聞かなくても、三月の気持ちが分かる。心臓が熱く打った。
果たして、夕焼け色に蕩けた瞳は、気まずげに歪んで、大和を捉えた。
「オレは、別に今やってもいいよ。あんたばっかレビューしてると大変だろ」
「や、あとでいいよ」
「なんで?」
 不思議そうに見上げてくる三月を胸に乗せたまま、天井へ目を向ける。
目が合ったら。逃げられない。
「……今出させちゃったらもったいないじゃん」
「……? なにが?」
 さらに問い詰められ、大和は今上げたばかりの眼鏡を押し上げるふりをして、顔を隠した。

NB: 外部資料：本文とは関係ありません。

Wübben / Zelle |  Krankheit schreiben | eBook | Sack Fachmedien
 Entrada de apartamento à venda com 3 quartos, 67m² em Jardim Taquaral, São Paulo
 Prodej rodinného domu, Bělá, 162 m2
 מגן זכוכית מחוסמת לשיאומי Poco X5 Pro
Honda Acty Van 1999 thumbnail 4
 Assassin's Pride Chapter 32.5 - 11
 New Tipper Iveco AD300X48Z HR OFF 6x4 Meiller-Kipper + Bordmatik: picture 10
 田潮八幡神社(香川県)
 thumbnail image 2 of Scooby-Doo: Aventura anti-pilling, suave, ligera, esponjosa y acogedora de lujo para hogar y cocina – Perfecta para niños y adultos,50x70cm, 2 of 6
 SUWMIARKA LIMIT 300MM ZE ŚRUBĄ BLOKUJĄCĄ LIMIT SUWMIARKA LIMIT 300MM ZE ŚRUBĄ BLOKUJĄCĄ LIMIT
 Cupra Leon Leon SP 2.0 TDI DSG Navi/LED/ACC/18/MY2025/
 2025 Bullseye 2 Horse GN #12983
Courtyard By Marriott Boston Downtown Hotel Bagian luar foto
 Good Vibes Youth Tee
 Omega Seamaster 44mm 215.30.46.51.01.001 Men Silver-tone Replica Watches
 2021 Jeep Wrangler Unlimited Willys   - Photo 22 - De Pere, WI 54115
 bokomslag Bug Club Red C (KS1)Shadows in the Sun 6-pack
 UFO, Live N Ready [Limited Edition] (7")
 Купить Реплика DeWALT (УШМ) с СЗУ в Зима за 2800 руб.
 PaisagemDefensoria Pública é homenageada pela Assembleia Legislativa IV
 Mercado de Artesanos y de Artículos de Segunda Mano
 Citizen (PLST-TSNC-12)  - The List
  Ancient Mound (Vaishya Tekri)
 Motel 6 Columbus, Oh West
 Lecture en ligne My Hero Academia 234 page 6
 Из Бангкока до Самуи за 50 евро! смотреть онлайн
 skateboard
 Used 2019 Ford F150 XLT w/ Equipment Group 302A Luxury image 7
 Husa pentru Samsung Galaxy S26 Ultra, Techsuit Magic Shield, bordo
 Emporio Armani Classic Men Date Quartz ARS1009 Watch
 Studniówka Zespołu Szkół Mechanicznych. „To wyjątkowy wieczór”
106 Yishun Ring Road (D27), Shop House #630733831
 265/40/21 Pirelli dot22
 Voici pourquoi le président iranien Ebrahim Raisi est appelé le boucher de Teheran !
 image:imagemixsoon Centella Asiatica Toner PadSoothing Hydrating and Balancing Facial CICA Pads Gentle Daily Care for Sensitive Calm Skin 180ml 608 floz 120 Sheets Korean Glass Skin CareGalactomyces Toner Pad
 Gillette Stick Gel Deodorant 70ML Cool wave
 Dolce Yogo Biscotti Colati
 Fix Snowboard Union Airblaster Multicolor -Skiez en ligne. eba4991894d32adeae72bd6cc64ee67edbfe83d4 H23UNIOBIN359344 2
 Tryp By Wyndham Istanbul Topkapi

「……まずは普通にやりたいって話。どうせなら。こんなエロい部屋にミツと二人で、手まで舐めさせられて……俺だって溜まってんだよ」
口早に告げる。ため息とともに吐き出した本音を、三月は瞬きして受け止めた。
「……そ……っか……」
照れを隠そうと、そーですよ、と投げやりに呟くと、熱いため息を胸の辺りに吐きかけられる。
「……もうレビューとかいいから今すぐやりたい……」
「はは。さくっと残り十六個レビューして、セックスして出ようぜ」
 三月の、抱きつく力が強くなる。笑いを返して、大和は引き出しに視線を投げた。

[1]いちご味ローション ★★★☆☆
 …味はあんま好みじゃなかったけど、舐められんのは、割と、よかったです。